Tuesday, January 6, 2009

Cours compliquees

I rode this tram for the first time yesterday! The first of many, many times. I have to take this lovely light-rail each time I go to school, which is a couple miles away from where I live. I bought the abonnement pour jeunes, basically a monthly pass for students, yesterday with a girl I met at the university and I feel super official now, like I'm really here, really part of the city.

Speaking of school...oof. Yesterday, our orientation, was kinda super confusing. The system to enroll in classes really makes zero sense to me, but now that I've mulled it over for 24 hours it seems to make a little more sense. Basically, to find your courses, you have to walk around to the different departments and stare intensely at this list of courses offered, making sure that they're actually offered this semester and they're for your year. You write a bunch of stuff down and eventually figure out a schedule and start going to said classes, and eventually - like a month later, I think - you register for the final exams so the school knows what you're doing. That could actually all be incorrect, but hopefully I finally kinda know what I'm talking about.

Thus, I couldn't find any classes I wanted for Tuesday (and I'll happily admit it - most of the courses I plan to take are les cours R.I., or courses through international relations adapted for American students) so today I walked around some streets in Montpellier, bought a panini and some fabulous boots (everyone here has fabulous boots! and scarves! and leather jackets).

Saturday, January 3, 2009

Aimez-vous la norriture?





I'm in France for all of two days and what I want to talk about right now is food.

I figure that's a good theme, because everything else is really exciting and slightly overwhelming, and I just have been thinking about food for the past forty-eight hours, I guess. The food on the flight was notable enough. I flew British Airways first to London, then to Paris, and on the first, much longer flight, they served dinner. More importantly, they served miniature bottles of wine with dinner! Thus, I happily had my first legal consummation of alcohol 35,000 feet in the air.
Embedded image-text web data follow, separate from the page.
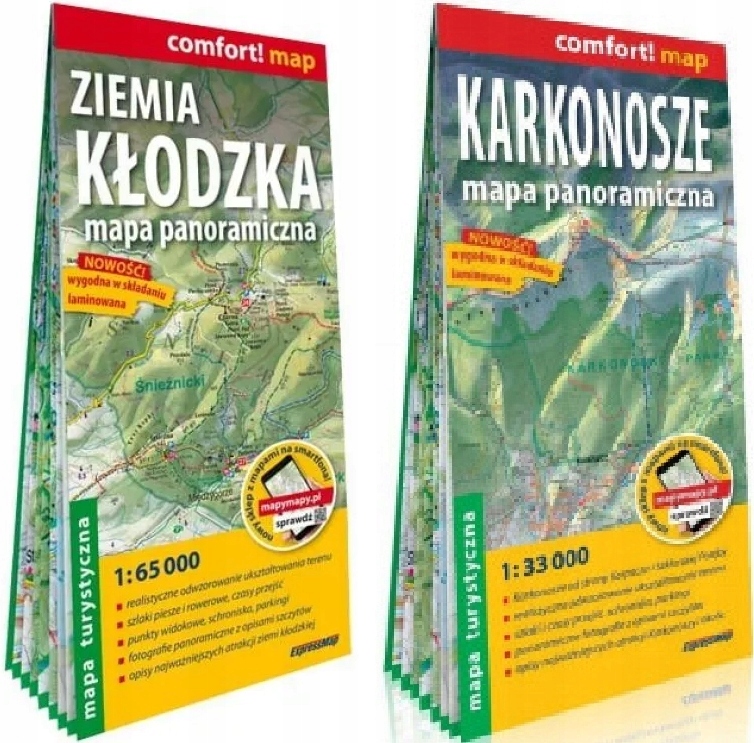 Ziemia kłodzka Karkonosze Mapa panoramiczna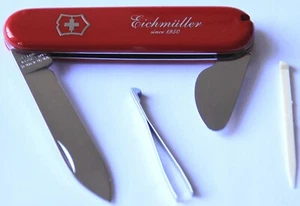 Coltello tascabile Eichmüller Victorinox rosso strumento con coperchio a molla apri cassa - Foto 1 di 5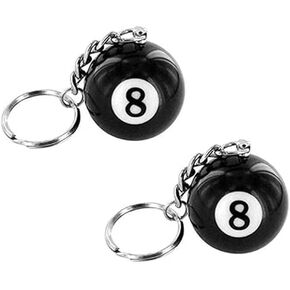 Calsgkspray 2Pcs Black Creative Number Eight Billiard Key Chain Pendant Car Key Ring Decoration Useful and Practical Accessories Gift Keychains and Charms Accessories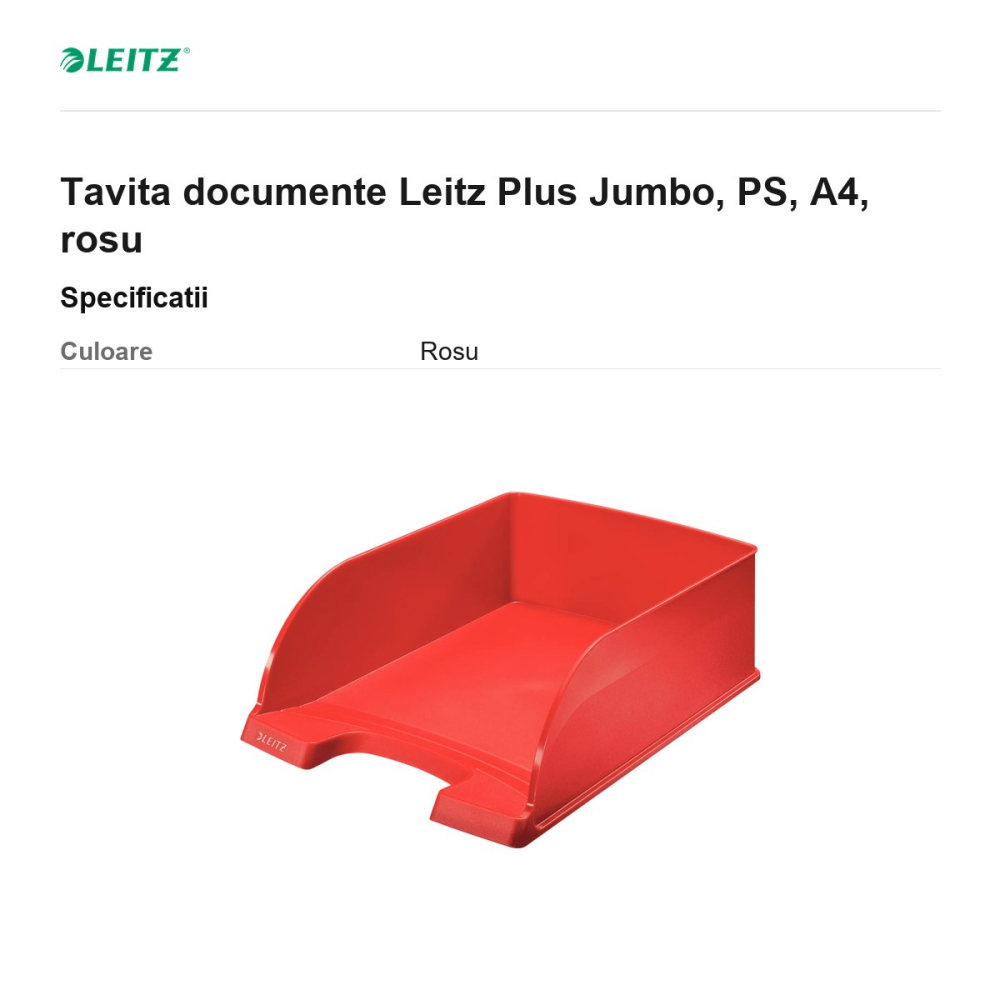 Tavita documente Leitz Plus Jumbo, PS, A4, rosu [3]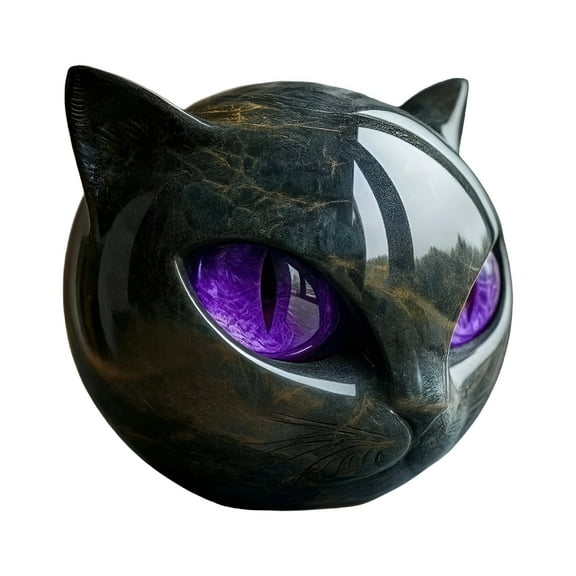LAMIRO Black Cat Stone Cat Head Sculpture Marble Texture Healing Stones Black Cat Statue Keepsake Gift for Cat Lovers Purple A3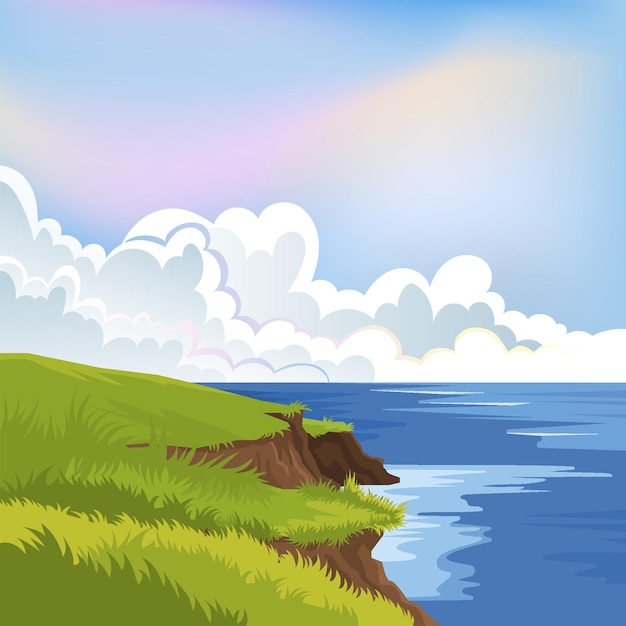 海辺の風景と青い空の背景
Breakfast, which I ate on the flight from London to Paris, was less enjoyable. The ice-cold, plastic-wrapped sandwich that only had the appetizing words "Bacon egg mushroom use before Jan 2" printed on it was not the best way to start the day, but my grumbling stomach said otherwise.
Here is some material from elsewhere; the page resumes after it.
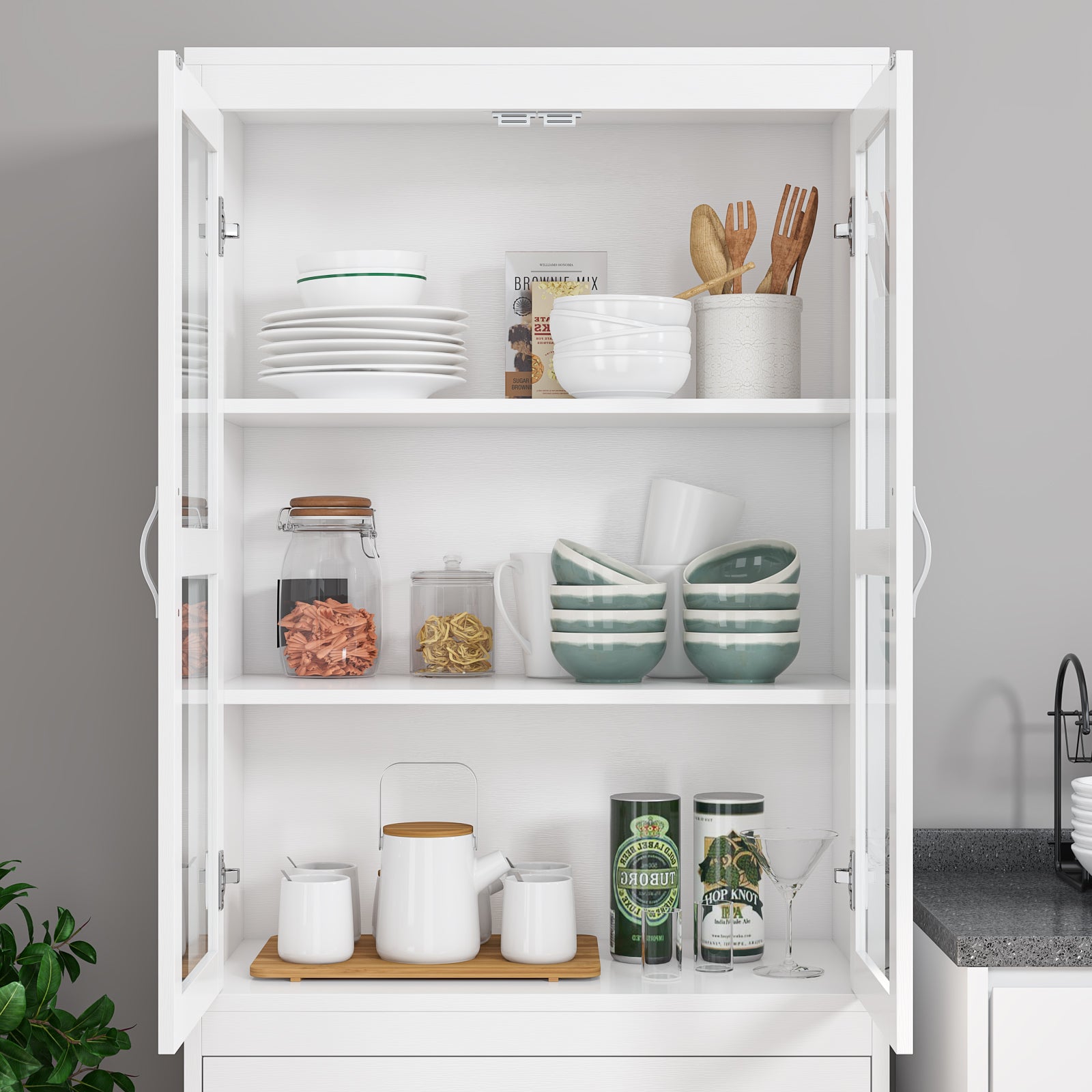 Hiphuta 66.5"H Kitchen Pantry Cabinet with Glass Doors, 3 Drawers & 3 Shelves, White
When I finally made it to Paris, both my caffeine addiction and the paltry amount of sleep I got during my travels begged me to spend a couple euros on un grand cafe. Sadly, unlike America, that means coffee in a very small cup. I was too scared to ask where the milk or sugar was, so I drank it black, all while freezing for four hours in the train station to wait for the TGV to Montpellier.
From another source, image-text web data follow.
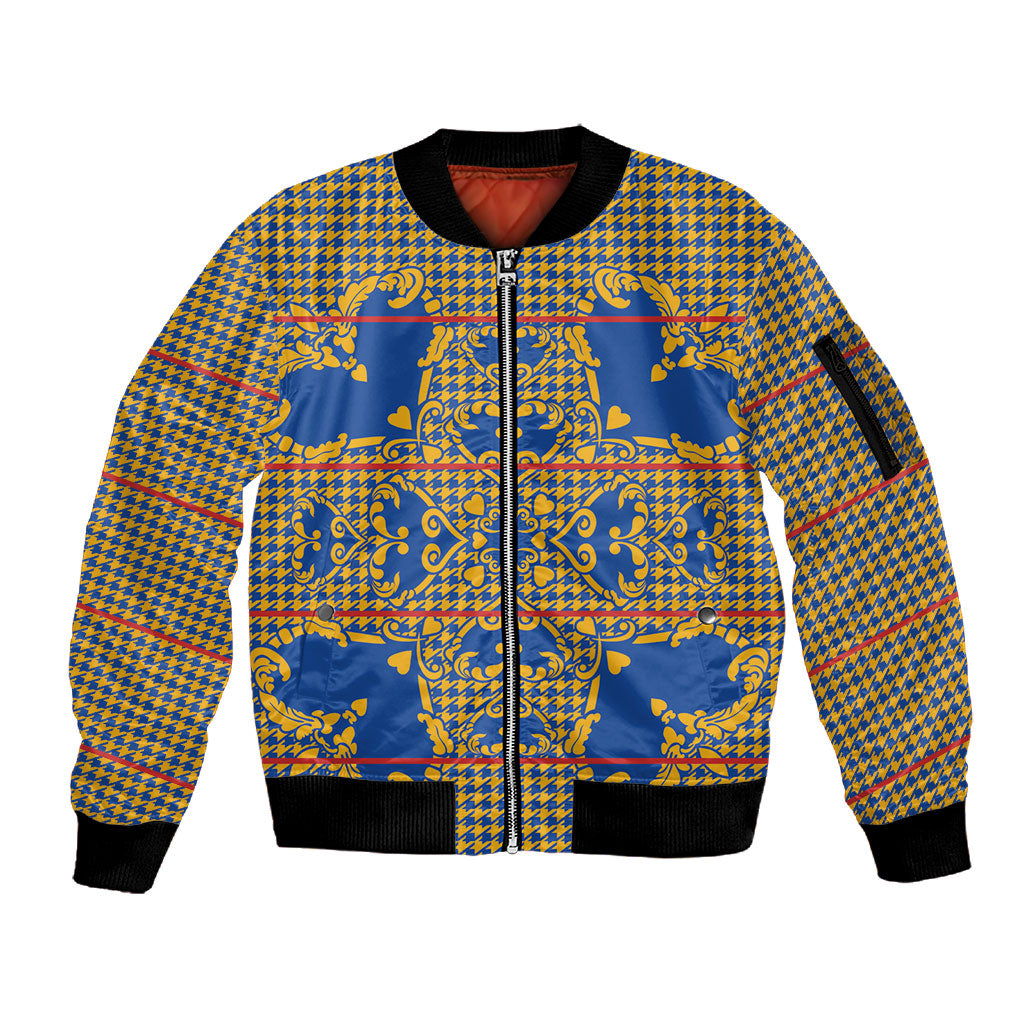 Cobalt Blue Hearts Crown Traditional Geometry Sleeve Zip Bomber Jacket Seanamarena Basotho Blanket Inspired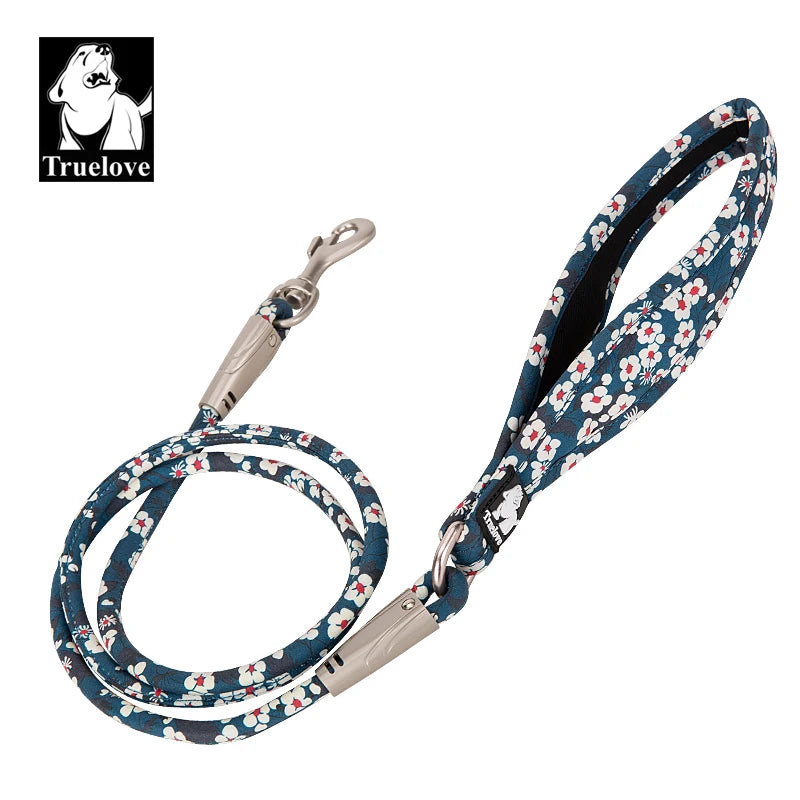 Truelove Pet Leash Floral Rope Leash for Dog and Cat Neoprene Padded Handle 100% Cotton Fabric Zinc-alloy Hook Outdoors TLL2573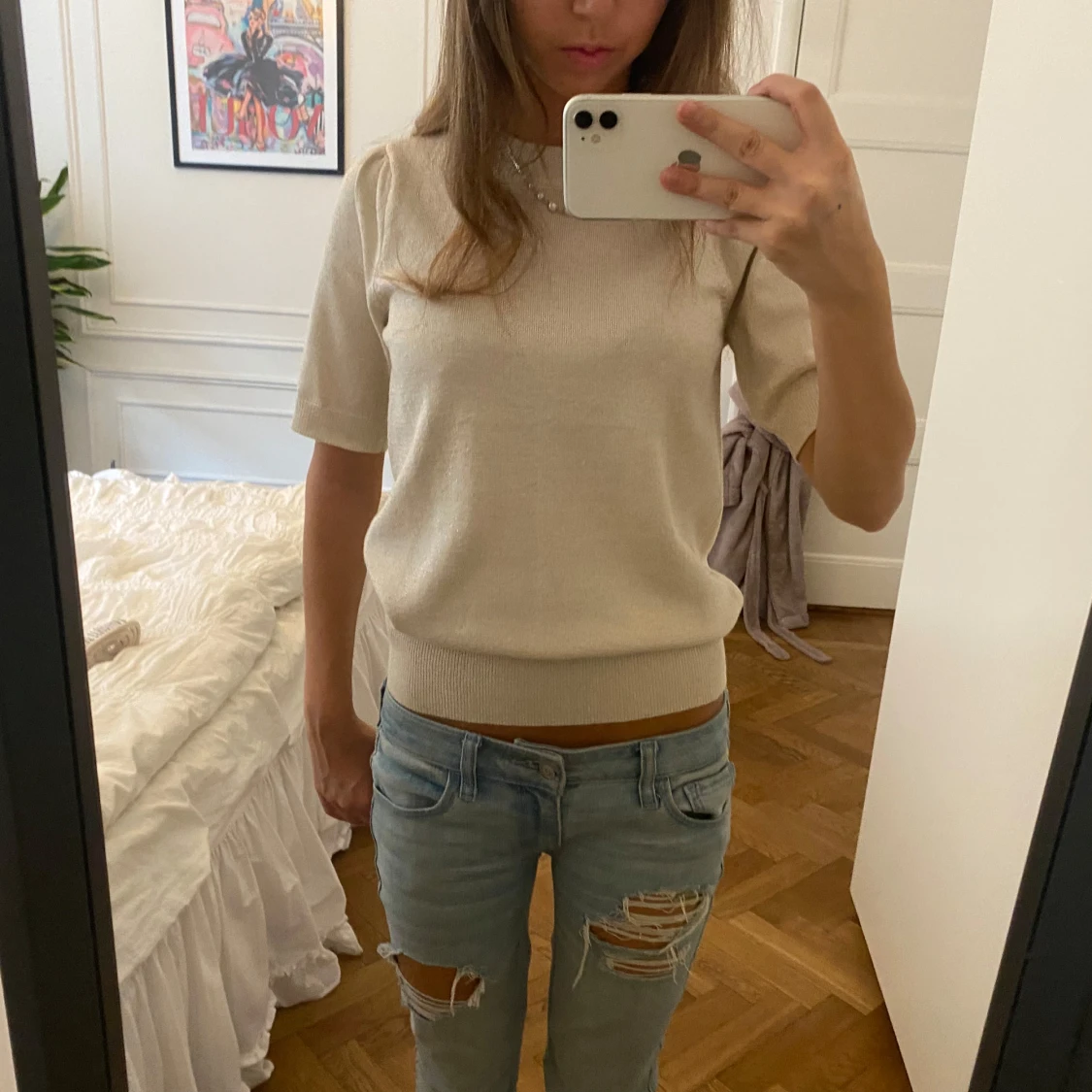 Beige glittrig  stickad kortärmad tröja - 1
When I arrived in Montpellier, my host mom and her daughter picked me up and we drove back to her apartment. Soon, I had my first real meal in France - Ratatouille and rice! And it was delicious. The daughter and mother were surprised when I told them that the drinking age in the US is 21, because French people begin drinking - mostly wine, I think - much earlier, with their families, etc. Afterwards, I thought we were finished, but then they brought out a plate of different cheeses and we ate them with a baguette. They said that they do this after every dinner, which was interesting, because I knew cheese was big here, but not that big. Still, it's a good thing - the cheese was quite good.

And tonight, for dinner, the other members of my host mom's family - the father, brother, and his friend - came over for Le Reveillon (I think? or l'Epiphenie?) and to eat la galette des Rois, which is a round, sweet pastry with a plastic figurine hidden inside. Since I was the youngest at the table, I got to turn around and decide who got each slice. My host mom found the figurine, or la feve, and got to wear a paper crown that came with the cake. "La Reine, La Reine!" her son said as he put the crown on her head: "The Queen!"

C'est tout. I am sleepy after visiting a Cuban bar, and I'm sure there will be much to write soon.